--- Exercise directions ---
Beneath this line are the data; copy exactly the part of them that opens with the line containing "Dove Serum+ Shower" and closes with the line containing "Knuffel konijn van", and only that part.

--- Available data ---

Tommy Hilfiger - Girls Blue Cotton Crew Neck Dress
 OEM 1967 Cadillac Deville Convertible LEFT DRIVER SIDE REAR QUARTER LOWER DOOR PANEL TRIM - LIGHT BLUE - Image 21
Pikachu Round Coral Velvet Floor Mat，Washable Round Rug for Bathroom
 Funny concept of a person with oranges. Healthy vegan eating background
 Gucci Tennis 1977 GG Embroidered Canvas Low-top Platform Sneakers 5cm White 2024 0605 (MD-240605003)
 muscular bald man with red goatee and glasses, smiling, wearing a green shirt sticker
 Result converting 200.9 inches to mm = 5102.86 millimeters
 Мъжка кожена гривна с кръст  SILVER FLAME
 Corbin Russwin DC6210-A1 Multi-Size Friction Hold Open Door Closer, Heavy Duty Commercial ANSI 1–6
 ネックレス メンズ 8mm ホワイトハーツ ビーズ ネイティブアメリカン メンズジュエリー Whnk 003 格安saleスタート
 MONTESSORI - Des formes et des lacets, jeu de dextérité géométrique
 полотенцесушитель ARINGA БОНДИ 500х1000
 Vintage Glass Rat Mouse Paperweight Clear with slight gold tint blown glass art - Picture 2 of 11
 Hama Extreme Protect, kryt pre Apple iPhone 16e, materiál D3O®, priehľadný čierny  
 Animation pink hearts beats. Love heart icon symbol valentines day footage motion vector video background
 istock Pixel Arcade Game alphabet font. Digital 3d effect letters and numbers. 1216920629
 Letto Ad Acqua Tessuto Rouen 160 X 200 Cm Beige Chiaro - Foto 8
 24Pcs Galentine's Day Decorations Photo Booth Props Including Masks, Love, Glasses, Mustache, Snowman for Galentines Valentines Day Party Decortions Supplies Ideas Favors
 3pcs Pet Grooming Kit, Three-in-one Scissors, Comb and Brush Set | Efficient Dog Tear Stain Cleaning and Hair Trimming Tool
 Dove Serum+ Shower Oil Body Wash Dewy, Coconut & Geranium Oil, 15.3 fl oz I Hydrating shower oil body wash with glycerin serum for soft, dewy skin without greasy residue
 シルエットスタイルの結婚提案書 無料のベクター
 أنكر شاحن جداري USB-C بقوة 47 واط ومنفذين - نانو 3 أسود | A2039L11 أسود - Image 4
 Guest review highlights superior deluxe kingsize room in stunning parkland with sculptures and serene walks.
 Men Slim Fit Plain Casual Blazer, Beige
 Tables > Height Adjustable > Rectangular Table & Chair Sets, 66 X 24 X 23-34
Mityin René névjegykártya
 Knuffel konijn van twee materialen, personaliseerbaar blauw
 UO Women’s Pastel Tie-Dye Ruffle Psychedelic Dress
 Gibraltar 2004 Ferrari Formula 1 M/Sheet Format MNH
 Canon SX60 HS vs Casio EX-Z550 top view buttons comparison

--- Answer area ---
 Dove Serum+ Shower Oil Body Wash Dewy, Coconut & Geranium Oil, 15.3 fl oz I Hydrating shower oil body wash with glycerin serum for soft, dewy skin without greasy residue
 シルエットスタイルの結婚提案書 無料のベクター
 أنكر شاحن جداري USB-C بقوة 47 واط ومنفذين - نانو 3 أسود | A2039L11 أسود - Image 4
 Guest review highlights superior deluxe kingsize room in stunning parkland with sculptures and serene walks.
 Men Slim Fit Plain Casual Blazer, Beige
 Tables > Height Adjustable > Rectangular Table & Chair Sets, 66 X 24 X 23-34
Mityin René névjegykártya
 Knuffel konijn van twee materialen, personaliseerbaar blauw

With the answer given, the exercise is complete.